L’importance accordée par la banque au digital ressort aussi à travers le soin apporté au site internet institutionnel de l’établissement qui surpasse en ergonomie et en clarté les sites de bien des banques conventionnelles. Ce constat vaut aussi pour l’interface institutionnelle mise en place par la filiale participative d’Attijariwafa bank, Bank Assafa. L’établissement exploite plus encore les possibilités des nouvelles technologies en ayant mis en place un concept d’agence digitale qui vient en renfort de 21 points de service physique établis par la banque à travers le Royaume. Ce concept de service habilite Bank Assafa à grandement optimiser les délais de recrutement de la clientèle en ne négligeant aucune piste de prospection. Par exemple, les conseillers  dédiés de l’agence digitale peuvent proposer les services de la banque à des prospects qui n’avaient initialement qu’un besoin d’information. Un client qui se renseigne sur les caractéristiques du compte bancaire proposé par l’établissement est invité peu de temps après à transmettre à l’agence digitale une copie d’une pièce d’identité pour pouvoir ouvrir son compte à distance.

De la même manière, cette agence prend en charge les demandes de simulation de financement à distance, communiquées aux clients par voie électronique. Étonnement, les banques participatives se montrent encore bien discrètes dans leur communication autour de ces fonctionnalités, à l’inverse des établissements conventionnels qui ne manquent pas de faire connaître régulièrement au public leurs offres en matière de banque à distance.

Il faut dire que l’intégration des dernières avancées en matière de banque digitale coule de source pour les banques participatives. Ces établissements implantés pour la plupart ex-nihilo (5 établissements participatifs sur les 8 agréés au Maroc ont été créés de zéro)«peuvent intégrer avec plus de facilité les dernières avancées en matière de banque à distance», explique Wail Aaminou, directeur au sein d’Al Maali Group, qui intervenait récemment dans le cadre d’une formation sur la finance participative organisée par Bank Assafa. A l’inverse, les banques conventionnelles dont les systèmes métier ont été implémentés de longue date, éprouvent naturellement de nombreuses difficultés à y apporter les ajustements nécessaires pour les faire évoluer, souligne l’expert.

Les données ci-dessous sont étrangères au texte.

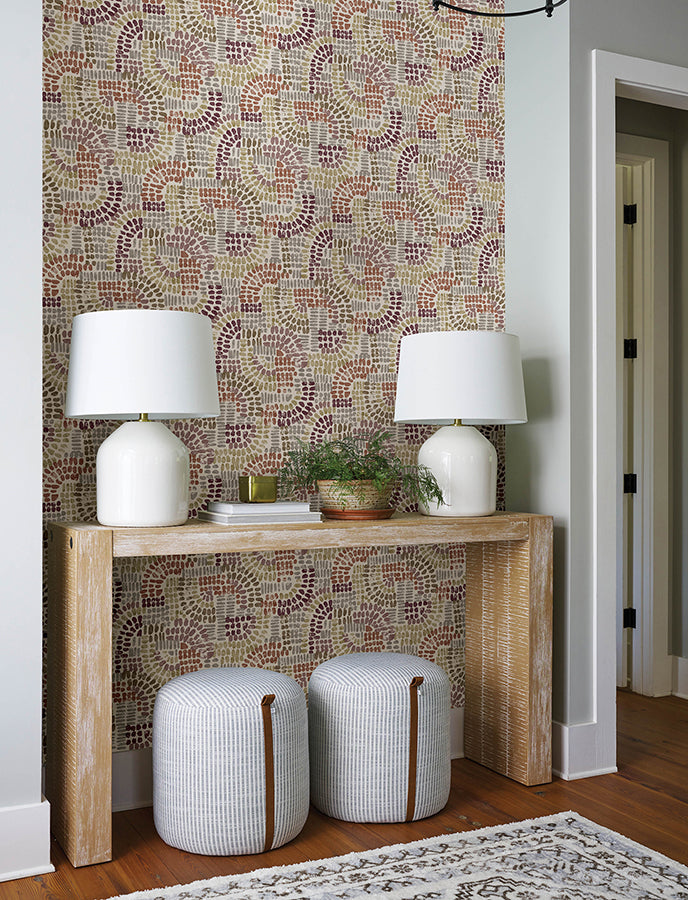 Wanderer Multicolor Mosaic Wallpaper - Brewster Wallcovering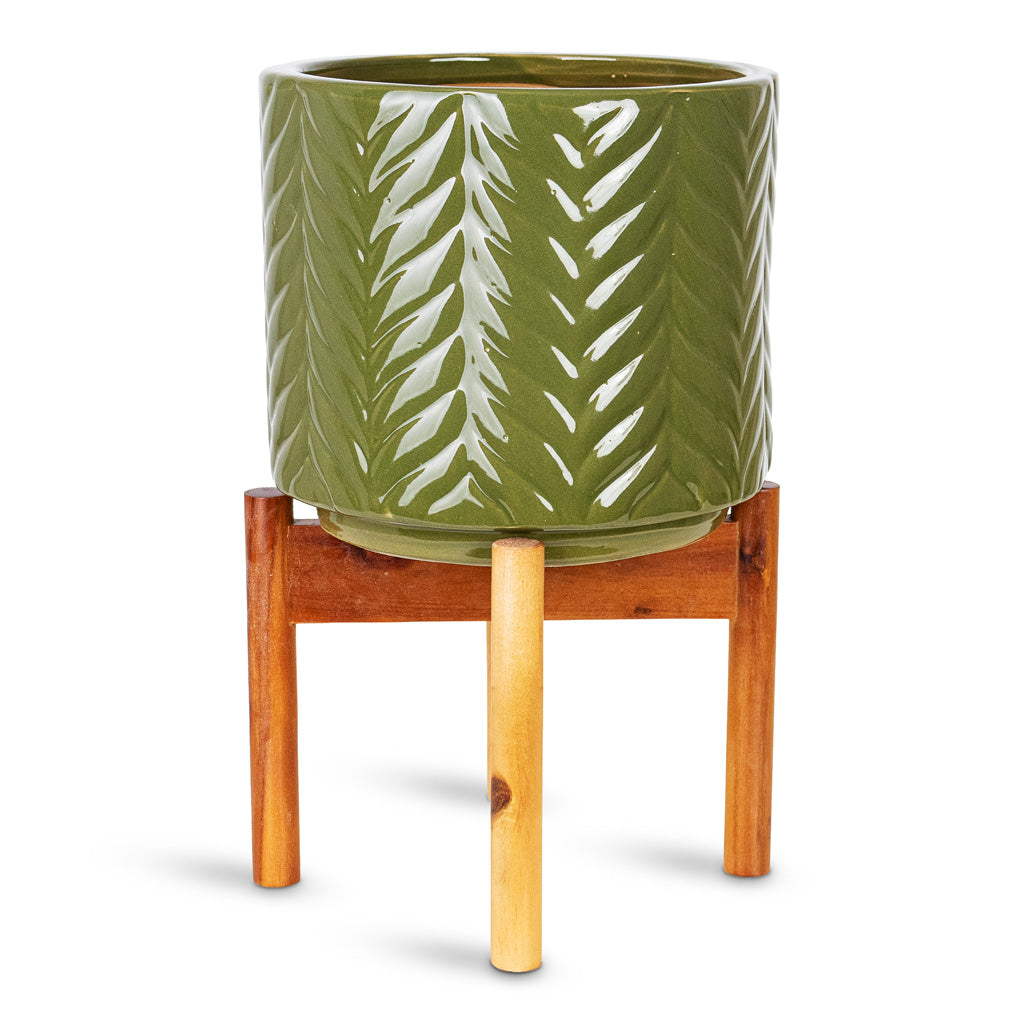 Aspen Chevron Plant Pot with Wooden Stand - Olive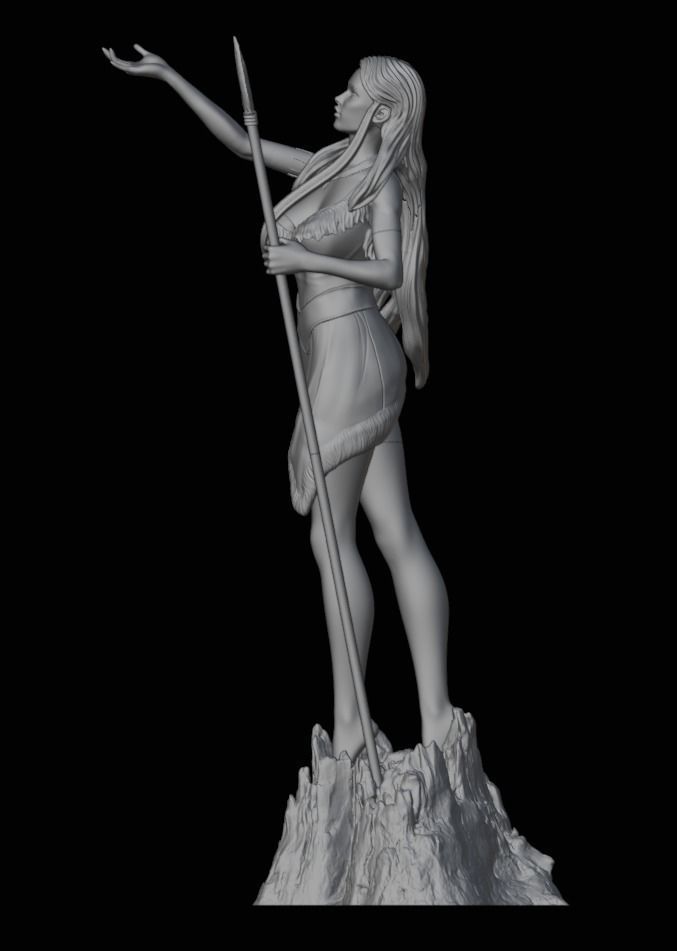 Pocahontas - 1to10 STL file 3D print model 3D print model_8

Cette situation est évidemment loin d’être une spécificité nationale étant donné que les banques participatives de par leur agilité dans l’adoption des nouvelles technologies parviennent dans la plupart de leurs pays de présence à s’aligner rapidement sur l’offre de banque à distance des établissements classiques, voire à la dépasser. Outre la facilité à intégrer les innovations ce qui pousse aussi les établissements participatifs à miser sur les services digitaux ce sont les éventuelles économies que cela permet. Il est en effet difficile pour ces acteurs de constituer un réseau d’agences conséquent surtout au démarrage.

La banque à distance s’impose dans ces conditions comme la voie la plus indiquée pour recruter de la clientèle sans avoir à consentir de considérables investissements en structures. 

Plus d’une centaine d’agences d’ici la fin de l’année…

Même si elles s’appuient sur les services de banque à distance pour optimiser leurs ouvertures d’agences au démarrage de l’activité, les nouvelles banques participatives n’en établiront pas moins un réseau physique non négligeable. La filiale participative d’Attijariwafa bank, Bank Assafa a démarré depuis début août avec 20 points de service répartis à travers le Royaume, devant être portés à 30 d’ici la fin de l’année.

Umnia Bank pour sa part avait mis en rodage depuis fin mai trois agences à Casablanca et Rabat avant d’inaugurer quelques semaines après de nouveaux points dans 6 autres villes. Vient ensuite Bank Al Yousr qui n’a mis en service pour l’heure que son agence siège à Casablanca mais qui devrait ouvrir bien d’autres points d’ici la fin de l’année.

S’ajoute à cela la fenêtre participative du Crédit du Maroc qui déploie 12 points de vente devant être portés à 30 à l’horizon 2020. Sur la base des intentions déclarées signalons aussi que la filiale participative de BMCE Bank of Africa devrait démarrer cette année avec 25 agences, tandis que les fenêtres de Société Générale et BMCI se positionneront avec 10 et 15 agences respectivement.